I’m trying to build a forward function for my NEAT algorithm but compiler is giving an illegal memory access was encountered
error. I tried to mem-check but there is nothing helpful
Output;
========= Invalid __global__ write of size 4 bytes
========= at EvaluateNetworks(float *, Network *, int, int, int)+0x7c0
========= by thread (96,0,0) in block (0,0,0)
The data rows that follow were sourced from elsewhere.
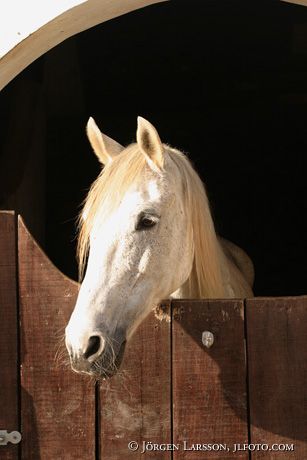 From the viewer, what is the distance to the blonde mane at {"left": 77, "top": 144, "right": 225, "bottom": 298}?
2555 millimetres

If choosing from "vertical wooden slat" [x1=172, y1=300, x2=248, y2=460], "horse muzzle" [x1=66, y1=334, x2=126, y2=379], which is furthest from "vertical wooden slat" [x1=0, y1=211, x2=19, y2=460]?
"vertical wooden slat" [x1=172, y1=300, x2=248, y2=460]

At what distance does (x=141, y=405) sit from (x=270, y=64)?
3375mm

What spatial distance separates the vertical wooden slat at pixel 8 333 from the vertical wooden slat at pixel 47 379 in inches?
1.0

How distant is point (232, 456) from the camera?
8.38 ft

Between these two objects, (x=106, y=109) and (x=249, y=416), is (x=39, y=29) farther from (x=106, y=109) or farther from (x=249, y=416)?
(x=106, y=109)

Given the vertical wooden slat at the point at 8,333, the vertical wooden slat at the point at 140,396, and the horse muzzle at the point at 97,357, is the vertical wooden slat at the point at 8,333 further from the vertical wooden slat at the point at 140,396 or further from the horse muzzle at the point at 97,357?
the horse muzzle at the point at 97,357

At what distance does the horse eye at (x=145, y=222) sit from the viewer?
2523mm

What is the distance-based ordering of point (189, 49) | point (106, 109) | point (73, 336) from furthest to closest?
point (106, 109) → point (189, 49) → point (73, 336)

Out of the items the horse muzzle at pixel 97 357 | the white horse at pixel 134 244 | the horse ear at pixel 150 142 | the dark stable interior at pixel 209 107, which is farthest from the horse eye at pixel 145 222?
the dark stable interior at pixel 209 107

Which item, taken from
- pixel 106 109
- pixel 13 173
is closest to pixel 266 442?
pixel 13 173

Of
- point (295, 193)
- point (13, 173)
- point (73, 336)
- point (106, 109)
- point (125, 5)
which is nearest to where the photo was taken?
point (73, 336)

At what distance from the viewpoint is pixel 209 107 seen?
20.1 feet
========= Address 0x0 is out of bounds
========= and is 47.248.900.096 bytes before the nearest allocation at 0xb00410000 of size 65.536 bytes
========= Saved host backtrace up to driver entry point at kernel launch time
========= Host Frame: cuEventRecordWithFlags [0x7ff9aa88fbc6] in nvcuda64.dll
========= Host Frame: [0x16468] in a.exe
========= Host Frame: [0x16326] in a.exe
========= Host Frame: [0x16f61] in a.exe
========= Host Frame: [0x650b] in a.exe
========= Host Frame: [0x5829] in a.exe
========= Host Frame: [0x4c29] in a.exe
========= Host Frame: [0x5000] in a.exe
========= Host Frame: [0x2aa9c] in a.exe
========= Host Frame: BaseThreadInitThunk [0x7ff9e7d07374] in KERNEL32.DLL
========= Host Frame: RtlUserThreadStart [0x7ff9e8c3cc91] in ntdll.dll
=========
========= Program hit cudaErrorLaunchFailure (error 719) due to "unspecified launch failure" on CUDA API call to cudaDeviceSynchronize.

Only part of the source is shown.